Visitando l’isola in barca, esperienza da non perdere, si parte dal porto per effettuare il percorso in senso antiorario. Primo incontro, la grotta e la cala della Mortola, “luogo di mirti”, che custodisce l’unica spiaggia di sabbia dell’isola, con lo scalo omonimo, antico approdo per salire alla torre delle Barbici o della Regina (1698), costruita dai Genovesi.

Forte San Giorgio (Credits: Wikipeia, Saliko)

Poco dopo ecco il tratto di costa del Dattero, dove è possibile osservare la palma nana; poi la grotta Acquissucola e punta della Manza con le rocce scavate dal vento. Da qui fino alla punta del Trattoio, dove c’è il faro, sono vietati l’approdo e la navigazione sottocosta con barche a motore.

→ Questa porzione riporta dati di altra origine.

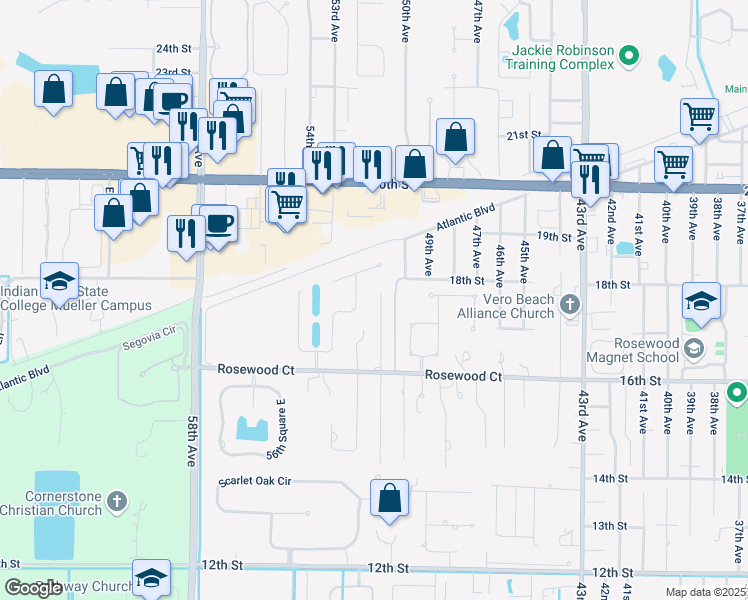 map of restaurants, bars, coffee shops, grocery stores, and more near 1665 51st Court in Vero Beach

Rispettata la zona di riserva integrale ci avviciniamo alla grotta della Foca (o del Bue Marino) che fino agli inizi del secolo scorso ospitava la foca monaca. Poi, superata la cala del Moreto, inizia il tratto più spettacolare, quello in prossimità della punta e della torre dello Zenobito e di cala Rossa: il colore amaranto della roccia, frutto delle esplosioni dell’antico vulcano, contrasta con il grigio della pietra lavica dando vita ad una scenografia irripetibile.

Porticciolo (Credits: Wikipeia, Saliko)

Proseguendo, si sfiorano grotte, scogli, antiche colate di lava e la quattrocentesca torretta del Bagno, eretta a difesa dalle incursioni saracene. Doppiata la punta del Ferraione, con il faro e la statua del Cristo Re, compare la torre del porto (1516), che annuncia la conclusione del nostro tour via mare.

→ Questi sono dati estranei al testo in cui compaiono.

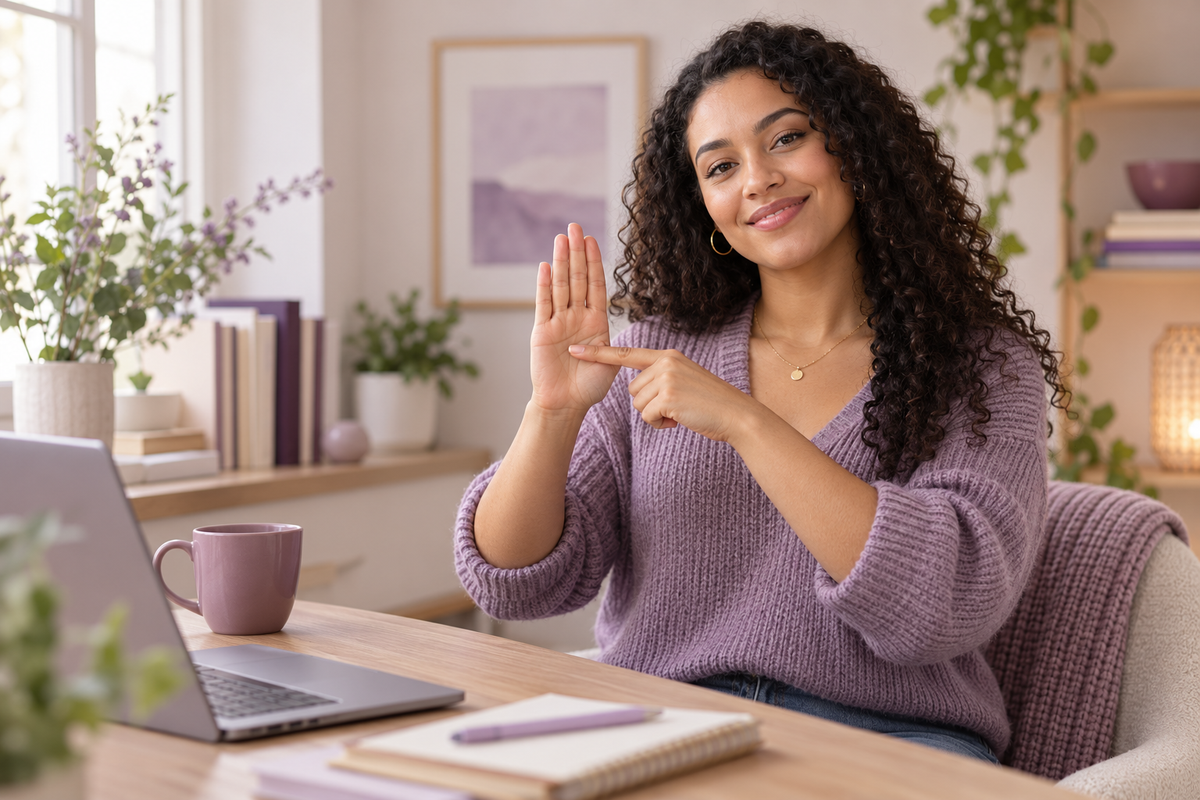 A learner practising sign language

Possiamo allora dedicarci all’isola “di terra”, lungo i tanti sentieri. Facile l’anello del Reganico che conduce alla cala dello Zurletto sfiorando forte San Giorgio, edificato dai Pisani e ampliato dai Genovesi, e la scoscesa punta della Bellavista, per poi rientrare in paese senza ripercorrere i propri passi. Oppure l’altrettanto agevole itinerario che raggiunge il Piano in 40 minuti, toccando la chiesetta romanica di Santo Stefano la cui origine risale al IV secolo, riedificata dai Pisani nell’XI dopo un’incursione dei Saraceni. Con un ulteriore quarto d’ora di cammino si scende a cala del Ceppo, dai grandi ciottoli levigati, con un bel fondale di sabbia e posidonia.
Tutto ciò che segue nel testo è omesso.